1,,/Users/andreaalejandrino/Library/Application S...,/Users/andreaalejandrino/Library/Application S...,manifest.json
2,,/Users/andreaalejandrino/Library/Application S...,/Users/andreaalejandrino/Library/Application S...,Cookies-journal
3,,/Users/andreaalejandrino/Library/Application S...,/Users/andreaalejandrino/Library/Application S...,.usage
4,,/Users/andreaalejandrino/Library/Application S...,/Users/andreaalejandrino/Library/Application S...,index


In [10]:
# Basic statistics
print(f"Total number of files: {len(df)}")
print(f"\nNumber of unique directories: {df['directory'].nunique()}")
print(f"\nMost common file extensions:")
df['extension'] = df['filename'].str.extract(r'(\.[^.]+)$')
print(df['extension'].value_counts().head())

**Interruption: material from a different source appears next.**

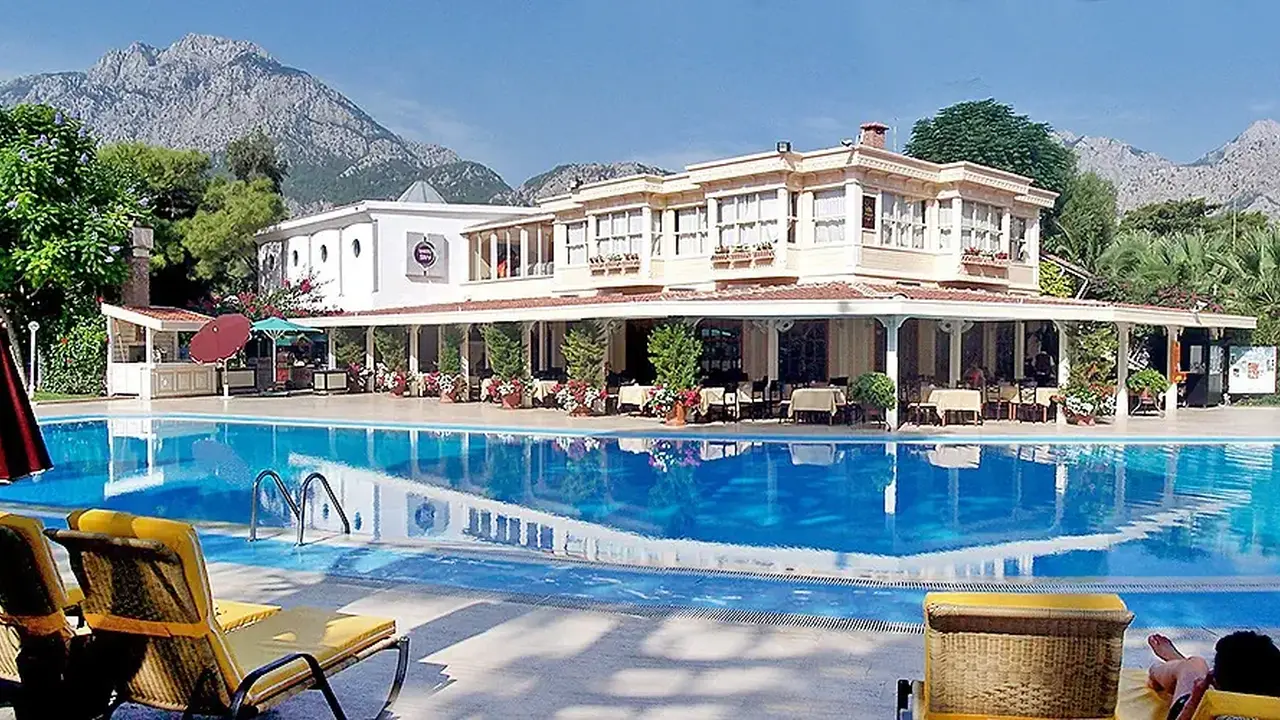 CLUB BORAN MARE BEACH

Total number of files: 341

Number of unique directories: 189

Most common file extensions:
extension
.json    43
.txt     32
.url     31
.bat     25
.dat     15
Name: count, dtype: int64


In [11]:
# Create tab-separated version
tab_separated_lines = []
for _, row in df.iterrows():
    if row['line_number']:
        line = f"{row['line_number']}|{row['directory']}\t{row['filename']}"
    else:
        line = f"{row['directory']}\t{row['filename']}"
    tab_separated_lines.append(line)

# Save to new file
output_file = 'tab_separated_paths_20251014.csv'
with open(output_file, 'w') as f:
    f.write('\n'.join(tab_separated_lines))
print(f"Saved tab-separated version to {output_file}")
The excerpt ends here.